You-Only-Look-Faster--Object-Detection-Deep-Learning-Model-

Object Detection Model- Graduation Project Thesis

Model Output

Motivation:

Modern self-driving cars require expensive processing units to run their algorithms. These pieces of hardware are expensive, which raises the production cost of these cars and in turn, puts another obstacle to them becoming more mainstream. Our contribution is to focus on optimizing one essential algorithm for self-driving cars which is the Object Detection Algorithm. We aim to achieve satisfactory accuracy (which we will measure by mAP) and low enough latency so that it can run on mid-end to low-end GPUs. Our original plan was to further test our model on low-end processing units but the delays and hinders due to the Covid-19 pandemic prevented us from seeing this through.

Design:

Our model combines two groundbreaking papers in the field of computer vision, namely YOLOv2 and MobileNet. Combining the powerful detection capabilities of the YOLOv2 algorithm with the low latency and high accuracy of the MobileNet classifier as a feature extractor would achieve our goals. Continuing on YOLO’s naming scheme (You Only Look Once), we name our model YOLF (You Only Look Faster).

Design Criteria:

When it came to designing our model, we set our priorities to optimize for speed first and accuracy second. Meaning that for our purposes, we didn’t need to maximize the model accuracy as long as it surpassed a certain baseline value. We didn’t need the best accuracy, only one that was good enough. But when it came for speed, we were limited by the Nvidia Tegra X1 chip of the Jetson Nano, so optimizing for speed and latency had priority over accuracy.

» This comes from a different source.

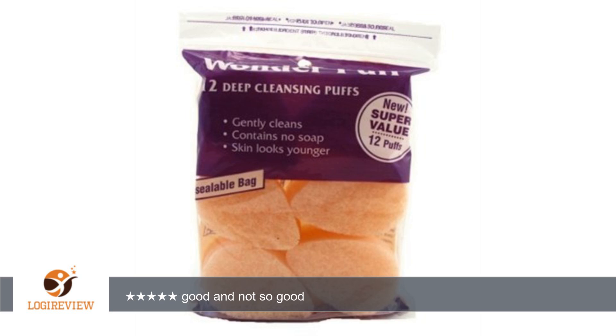The price isn't bad, that's true, but the puff itself has some issues. First, it's very thick and large, and isn't easy to handle or use on your face. It is extremely abrasive — you feel like you're scratching your face. You have to keep squeezing out water because it doesn't hold water; if you wet it, it drips all over the place.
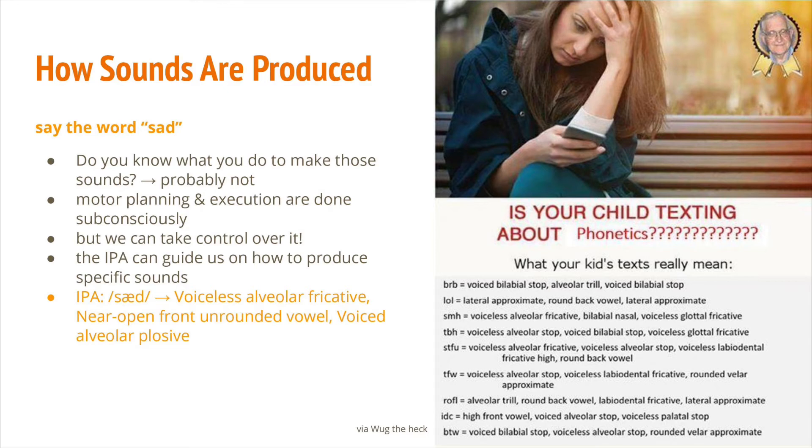When you say the word sad, you can probably say it — but do you know what you do to make these sounds? Do you know the shape of your mouth? Do you know where your tongue is? And do you know in what manner the airflow from your lungs travels through your vocal folds and out of your mouth? Probably not. When we are speaking normally, all these speech mechanisms are programmed and carried out subconsciously. We don't have to give a second thought about it, just like how we breathe.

We utilized the powerful design of YOLOv2 and the factorizational power of depthwise separable convolution. We use MobileNet as a feature extractor with αset to 0.25 or 0.5 to benefit from the speed-up inferred from Table (the previous table). This gave us more flexibility in designing the classification and localization portion of the model. For the classification and localization portion of the model (called model head from here on), we experimented with different settings. We wanted a powerful design, that can be factorized with depthwise separable convolution. We redesigned the model head from YOLOv2 to incorporate depthwise separable convolution. We also experimented with using α> 1 to increase the model head’s power.